___ Dataset records

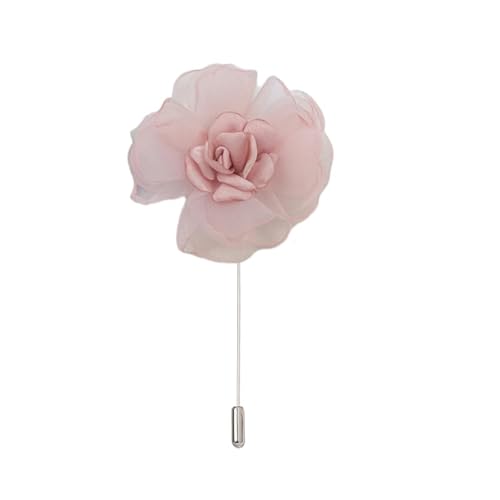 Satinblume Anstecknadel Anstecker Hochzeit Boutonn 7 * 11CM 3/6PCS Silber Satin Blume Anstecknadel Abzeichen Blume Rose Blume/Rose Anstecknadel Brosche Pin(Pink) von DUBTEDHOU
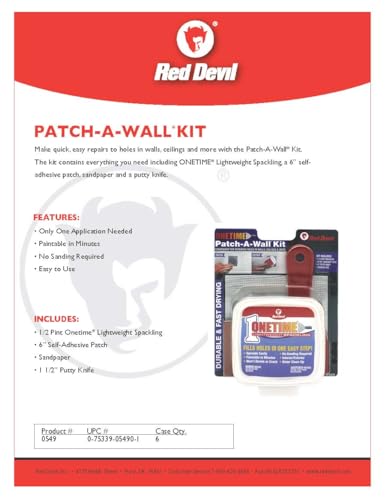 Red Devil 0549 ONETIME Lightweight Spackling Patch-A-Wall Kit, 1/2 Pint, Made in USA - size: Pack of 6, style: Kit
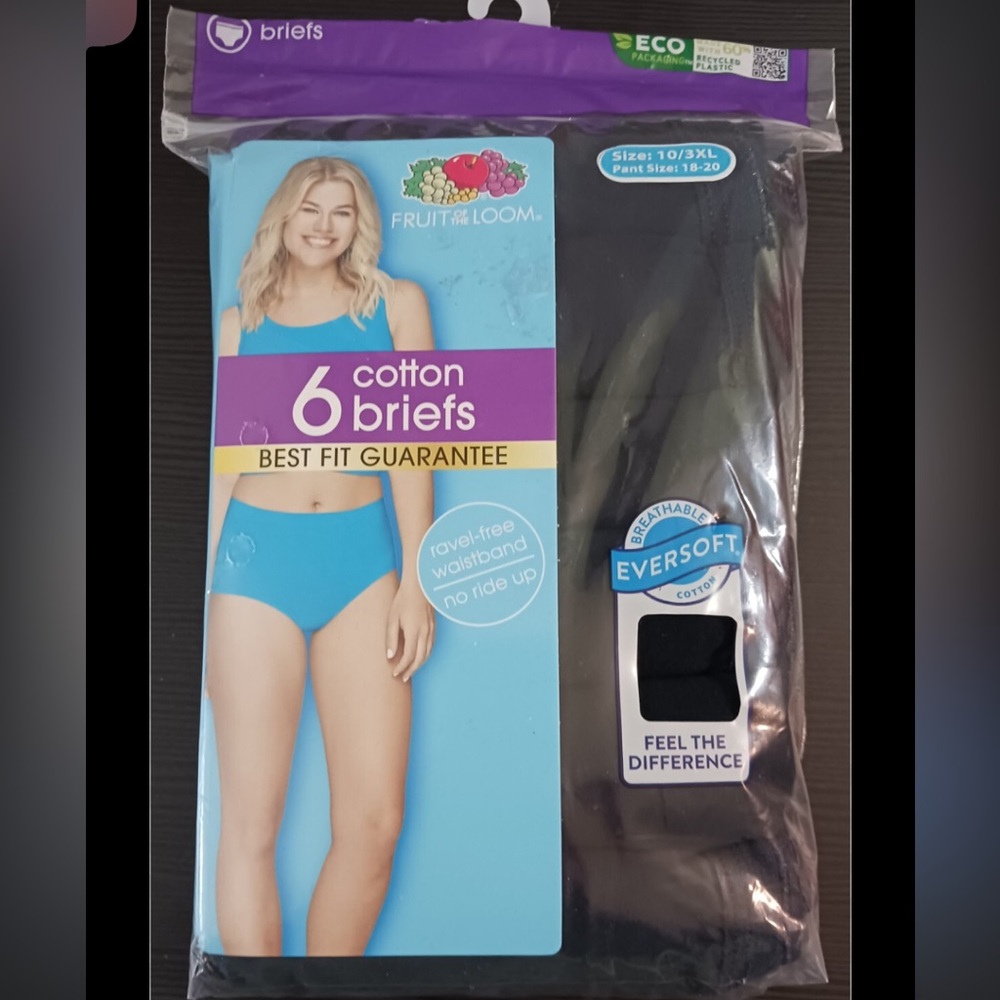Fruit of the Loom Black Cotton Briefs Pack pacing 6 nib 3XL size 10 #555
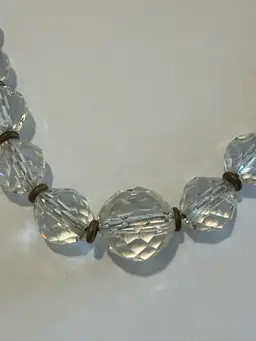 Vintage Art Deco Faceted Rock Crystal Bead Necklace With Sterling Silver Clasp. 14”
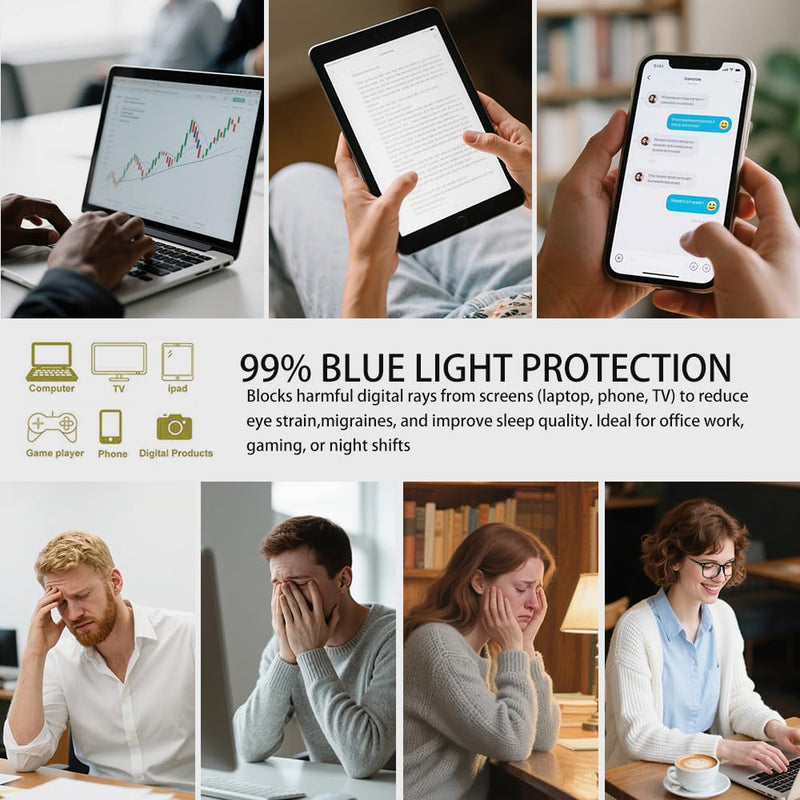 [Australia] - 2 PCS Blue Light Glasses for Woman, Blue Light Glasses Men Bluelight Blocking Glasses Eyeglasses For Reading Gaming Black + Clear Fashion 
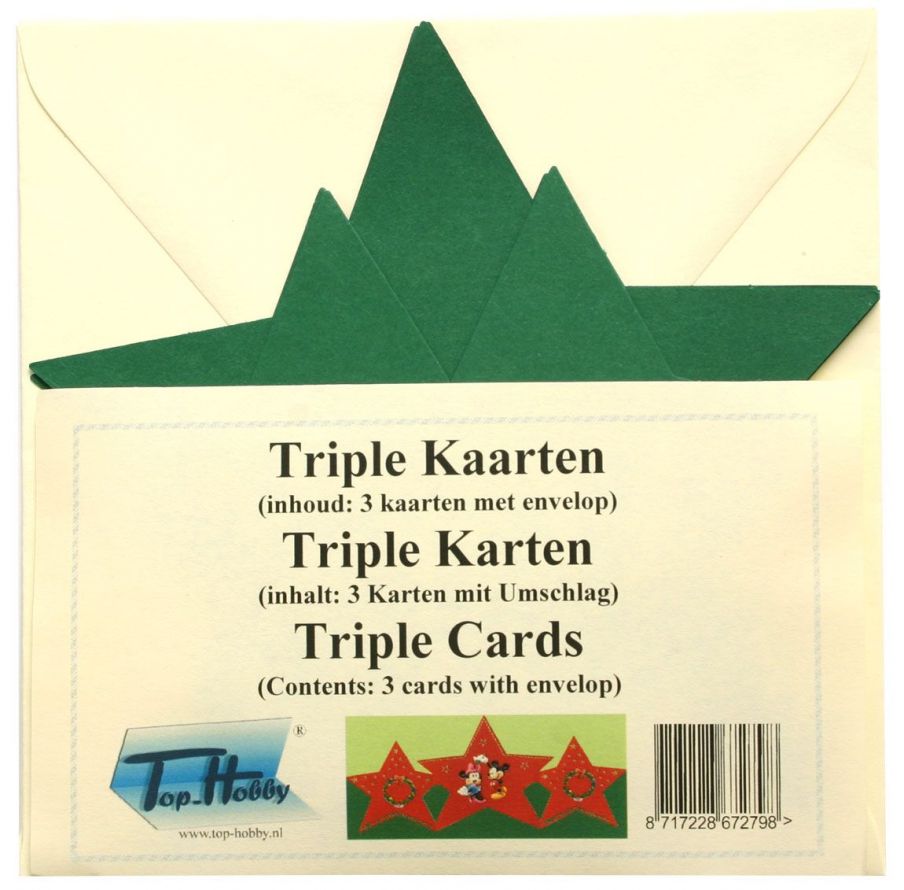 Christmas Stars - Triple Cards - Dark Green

______

[Aim of the exercise] What is needed is a word-for-word transcription of all the entries, with the pictures dropped.

[Your response]
 Satinblume Anstecknadel Anstecker Hochzeit Boutonn 7 * 11CM 3/6PCS Silber Satin Blume Anstecknadel Abzeichen Blume Rose Blume/Rose Anstecknadel Brosche Pin(Pink) von DUBTEDHOU
 Red Devil 0549 ONETIME Lightweight Spackling Patch-A-Wall Kit, 1/2 Pint, Made in USA - size: Pack of 6, style: Kit
Fruit of the Loom Black Cotton Briefs Pack pacing 6 nib 3XL size 10 #555
 Vintage Art Deco Faceted Rock Crystal Bead Necklace With Sterling Silver Clasp. 14”
 [Australia] - 2 PCS Blue Light Glasses for Woman, Blue Light Glasses Men Bluelight Blocking Glasses Eyeglasses For Reading Gaming Black + Clear Fashion 
 Christmas Stars - Triple Cards - Dark Green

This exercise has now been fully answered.